How many eggs is a good number from an egg retrieval?

There is no single good number. The Sunkara analysis of 400,135 cycles found live birth per cycle peaked around 15 eggs, with diminishing returns above 20 and lower rates below 10. But 15 is a population average across many ages and diagnoses, not a target. The number that actually matters is your euploid blastocyst yield per retrieval.

Why does age matter more than the egg count?

Age drives the aneuploidy rate, which sets how many of your blastocysts are euploid. Per Franasiak's review, the euploid rate per blast is roughly 60 to 65 percent under 35, 50 percent at 35 to 37, 30 to 40 percent at 38 to 40, 15 to 25 percent at 41 to 42, and under 10 percent over 42. So a 28-year-old and a 41-year-old with the same egg count have very different downstream funnels.

What is the funnel from eggs retrieved to a euploid blastocyst?

Each step is a filter. Mature (MII) eggs are typically about 80 percent of those retrieved, fertilised (2PN) eggs about 70 to 80 percent of mature, and blastocysts about 40 to 60 percent of fertilised. The euploid rate is then heavily age-dependent. Once you have a euploid blastocyst, the per-transfer live birth rate runs around 50 to 65 percent.

Does a low egg retrieval count mean the cycle failed?

No. A low count does not always mean a failed cycle, and patients with 5 eggs get euploid blastocysts every week. The single retrieval matters less than the cumulative picture across one to three retrievals. If the count is low again on a second or third cycle, ask your RE whether the protocol is working and whether banking is the right strategy.

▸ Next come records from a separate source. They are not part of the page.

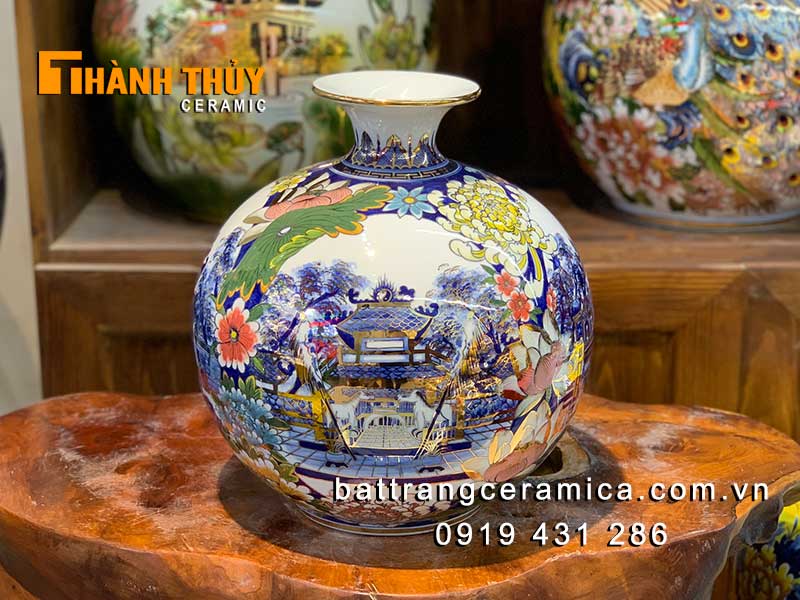 Bình hút tài lộc Hà Nội tứ trấn 35cm sang trọng, may mắn 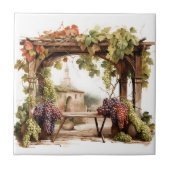 Wijngaard Waterverf Print Tegel Tegeltje (Voorkant)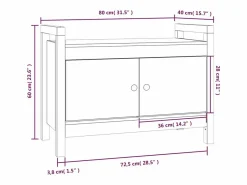 Best vidaxl Banco de recibidor madera maciza de pino 80x40x60 cm Blanco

What does AMH tell me about how many eggs I will retrieve?

AMH is the best single predictor of ovarian response. Roughly, under 1.0 ng/mL expects 2 to 6 eggs, 1.0 to 2.5 expects 6 to 12, 2.5 to 3.5 expects 10 to 18, and over 3.5 expects 15 to 30 or more. AMH varies modestly cycle to cycle and is affected by hormonal contraception, so the value is a guide, not an oracle.